A l’heure où la série Lupin fait un carton sur Netflix, les éditions Rue de Sèvres en profitent pour publier l’intégrale d’une trilogie consacrée à l’adolescence « non officielle » du personnage mythique, avant qu’il ne devienne le « Prince des voleurs ».
Si chacun connaît le célèbre gentleman cambrioleur, sans même avoir lu les romans de Maurice Leblanc, peu ont connaissance de son passé. Arsène Lupin, qui n’est pas né avec une cuillère en argent dans la bouche, a dû se livrer à un véritable parcours du combattant avant de construire sa légende. C’est du moins ce qu’ont imaginé les auteurs de cette trilogie originale parue il y a cinq ans.

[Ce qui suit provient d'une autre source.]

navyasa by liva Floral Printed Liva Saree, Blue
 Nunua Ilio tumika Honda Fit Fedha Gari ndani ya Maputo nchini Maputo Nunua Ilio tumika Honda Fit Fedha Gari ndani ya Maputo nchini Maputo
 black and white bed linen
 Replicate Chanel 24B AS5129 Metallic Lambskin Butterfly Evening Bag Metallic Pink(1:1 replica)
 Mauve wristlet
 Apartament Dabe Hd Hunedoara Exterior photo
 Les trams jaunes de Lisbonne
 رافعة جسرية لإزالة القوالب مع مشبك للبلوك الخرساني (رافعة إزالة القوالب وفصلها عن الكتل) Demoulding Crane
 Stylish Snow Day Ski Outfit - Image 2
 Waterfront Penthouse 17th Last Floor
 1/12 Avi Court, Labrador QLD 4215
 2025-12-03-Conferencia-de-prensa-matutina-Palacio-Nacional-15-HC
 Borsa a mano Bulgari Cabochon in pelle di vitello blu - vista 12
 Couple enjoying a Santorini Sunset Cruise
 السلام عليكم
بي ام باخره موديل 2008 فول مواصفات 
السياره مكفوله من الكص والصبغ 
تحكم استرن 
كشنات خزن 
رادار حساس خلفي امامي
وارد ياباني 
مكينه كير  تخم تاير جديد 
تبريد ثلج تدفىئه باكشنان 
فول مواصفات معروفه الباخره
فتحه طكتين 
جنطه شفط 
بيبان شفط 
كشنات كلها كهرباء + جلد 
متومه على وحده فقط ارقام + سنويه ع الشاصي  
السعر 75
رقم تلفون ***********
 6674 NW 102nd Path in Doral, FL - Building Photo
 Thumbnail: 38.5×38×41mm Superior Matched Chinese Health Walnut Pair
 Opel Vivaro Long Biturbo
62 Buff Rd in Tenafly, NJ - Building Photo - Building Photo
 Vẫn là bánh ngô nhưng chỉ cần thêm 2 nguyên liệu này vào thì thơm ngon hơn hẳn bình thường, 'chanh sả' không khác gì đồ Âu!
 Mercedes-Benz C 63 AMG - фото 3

Maurice Leblanc a toujours fait mystère des origines de son personnage. La vie « connue » de Lupin ne commence réellement qu’à l’âge de ses 19 ans, où il eut une aventure avec une jeune femme qui donnera naissance à Geneviève un an plus tard. Avant cela, on ne sait rien de lui. En 2012, les droits d’auteur tombant dans le domaine public, la tentation était trop grande. Les auteurs de cette trilogie, que l’on imagine aisément admirateurs de l’œuvre de Leblanc, ont donc sauté sur l’occasion pour combler ce vide insupportable ! Et ils n’ont pas fait les choses à moitié !
Tout en conservant de rares caractéristiques du personnage (son goût pour les sports de combat notamment), les scénaristes ont créé une toute nouvelle galerie de personnages, sans aucune référence à la « bio » connue du « Prince des voleurs », Même Théophraste, ce père absent, est devenu ici un simple ami, son « professeur de savate », dont le seul point commun est d’être mort aussi ! L’histoire démarre en 1888, au bagne pour enfants de Belle-Île-en-mer, où Arsène n’a que quatorze ans et se termine cinq ans plus tard, au moment où ce dernier est emprisonné, ce qui coïncide avec la première aventure du héros de Maurice Leblanc… Entretemps, on assiste au parcours initiatique du jeune homme après son évasion du bagne et son adoption par le comte Perceval de la Marche. Arsène recevra une éducation élitiste dans un pensionnat austère et isolé des Alpes, la Croix des Whals, où il deviendra un homme complet, intellectuellement et physiquement.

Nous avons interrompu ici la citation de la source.